This project uses AWS Transcribe to make transcriptions out of English scripts recited in different accents.
In combination with AWS Transcribe, we used Amazon S3 buckets to store our data output from AWS Transcribe. These tools allow us to do all the necessary conversions in order to make our project successful.
In order to measure the accuracy of AWS Transcribe's speech-to-text, we took 3 different texts varying in syntax complexity and converted them into fifteen various audio files that contained a combination of one of the three difficulty ratings as well as one of the five accents (United States, United Kingdom, China, Spain, and India).
One control we decided to account for is to only look at female voices. This helps control for other variations in the data. We tested these multiple transcripts from various scripts, using Transcribe that is within Sagemaker.
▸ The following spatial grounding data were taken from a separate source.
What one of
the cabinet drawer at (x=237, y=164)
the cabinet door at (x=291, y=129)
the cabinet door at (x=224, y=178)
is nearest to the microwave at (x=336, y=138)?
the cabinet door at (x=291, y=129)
Our data analysis included using Levenshtein distances and a confidence review on Transcribe. The Levenshtein distances was used to measure the difference between two sequences. This helps to determine the amount of single character edits between two scripts. We have included this data in the repo for the user to view.
Anyone who is interested in replicating this project can access our data in this github repository. We also provide a blog on Google Colab that provides the motivation behind the project, explanations in our analysis (including what the Levenshtein distance is) and a visual for the confidence rating from Amazon Transcribe.
We decided to use ttsreader.com for converting our original transcripts to speech due to the service’s “natural multilingual voice” feature. This webpage offers male & female voices, in different accents and different languages. It also allowed us to export and save the synthesized speech from our data text.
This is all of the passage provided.